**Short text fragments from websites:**

_ _ _ _

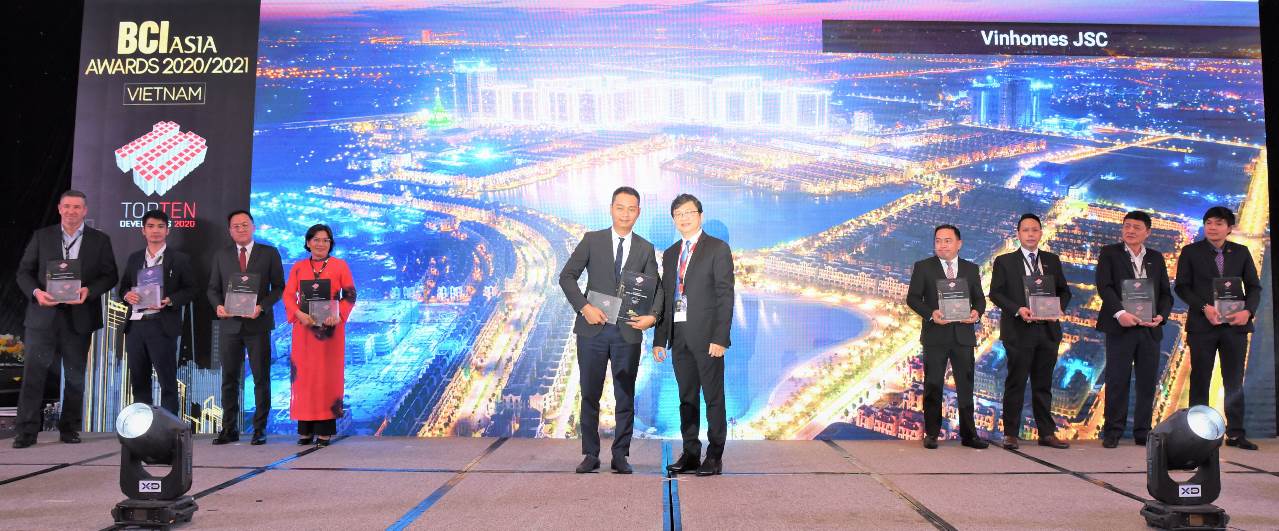 Vinhomes được vinh danh Chủ đầu tư hàng đầu Việt Nam tại BCI Asia Awards - Ảnh 1.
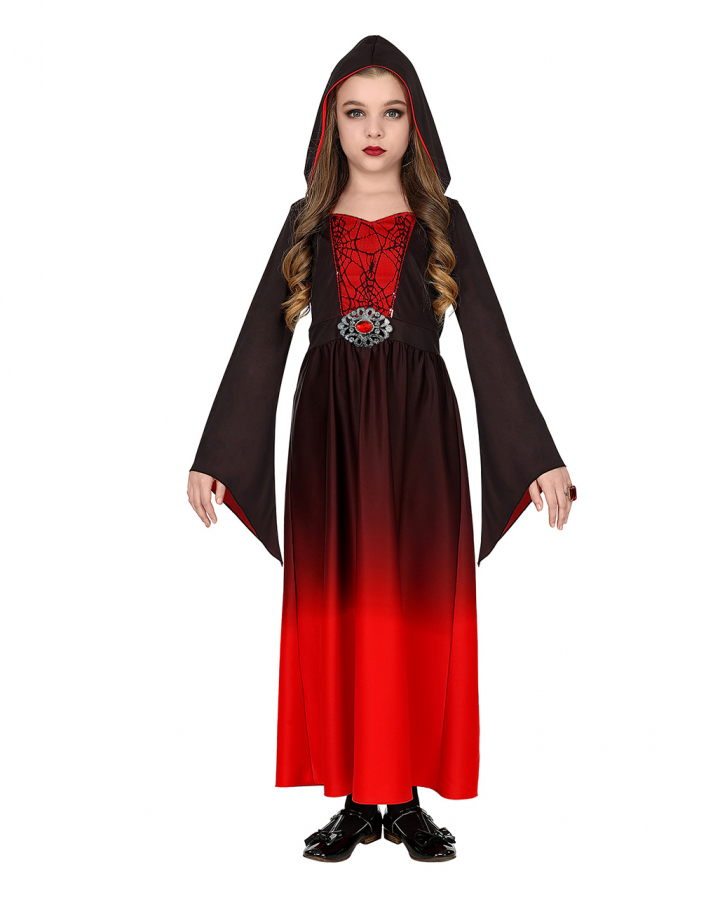 Red Gothic Girl Children Costume -=🎃=- proudly presents | Horror-Shop.com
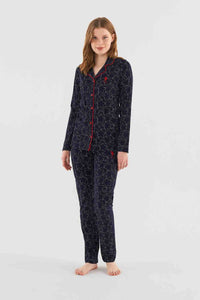 PYJAMA FEMME 02 PIECES NAVY-BLUE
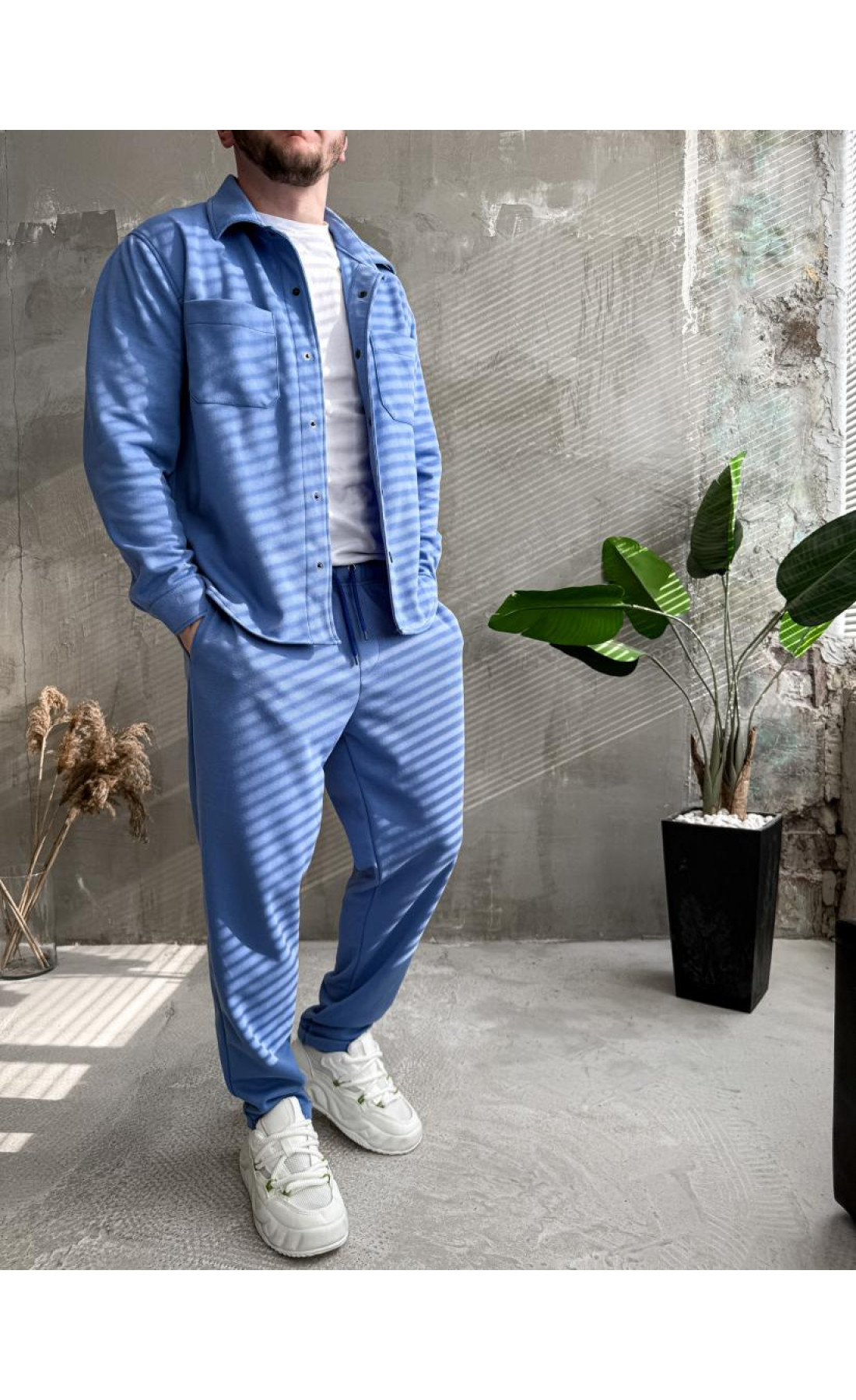 Костюм чоловічий структурний котон весна осінь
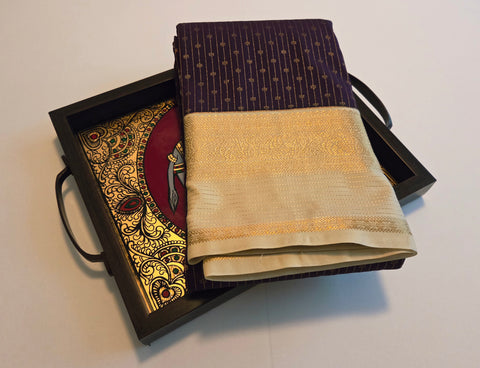 KSS - Nagapazham/Beige Korvai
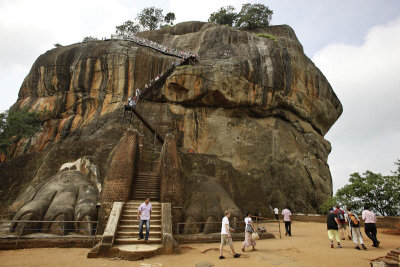 Sigirya, the rock of the fourth terrace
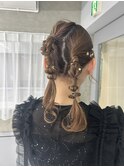【お呼ばれヘア】ニュアンスツインアレンジ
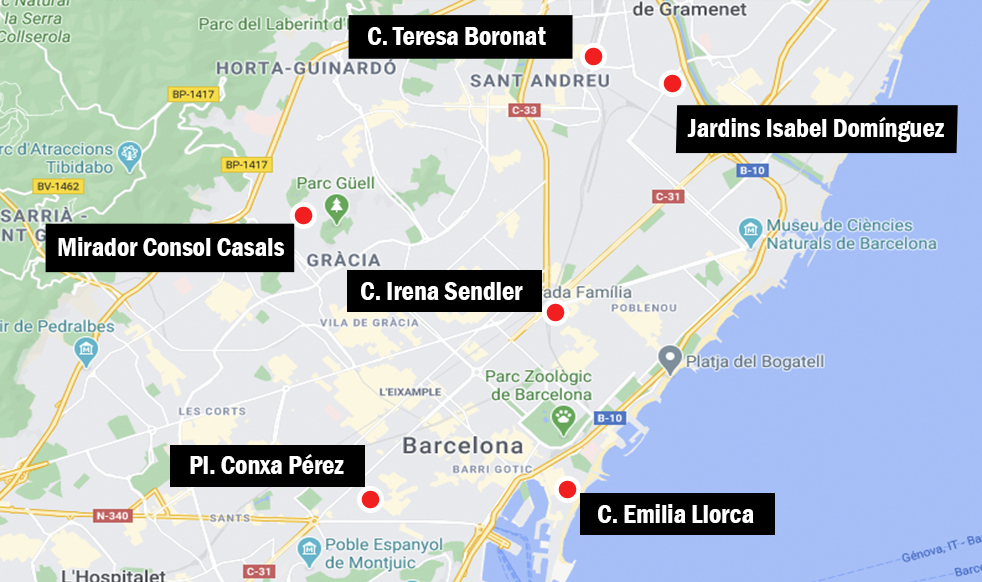 Barcelona Posa Noms De Dones A 6 Carrers Per Feminitzar La Ciutat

_ _ _ _

**Task to complete:** Verbatim copy, images excluded: transcribe all the entries above.

**Answer space:**
 Vinhomes được vinh danh Chủ đầu tư hàng đầu Việt Nam tại BCI Asia Awards - Ảnh 1.
 Red Gothic Girl Children Costume -=🎃=- proudly presents | Horror-Shop.com
 PYJAMA FEMME 02 PIECES NAVY-BLUE
 Костюм чоловічий структурний котон весна осінь
 KSS - Nagapazham/Beige Korvai
 Sigirya, the rock of the fourth terrace
【お呼ばれヘア】ニュアンスツインアレンジ
 Barcelona Posa Noms De Dones A 6 Carrers Per Feminitzar La Ciutat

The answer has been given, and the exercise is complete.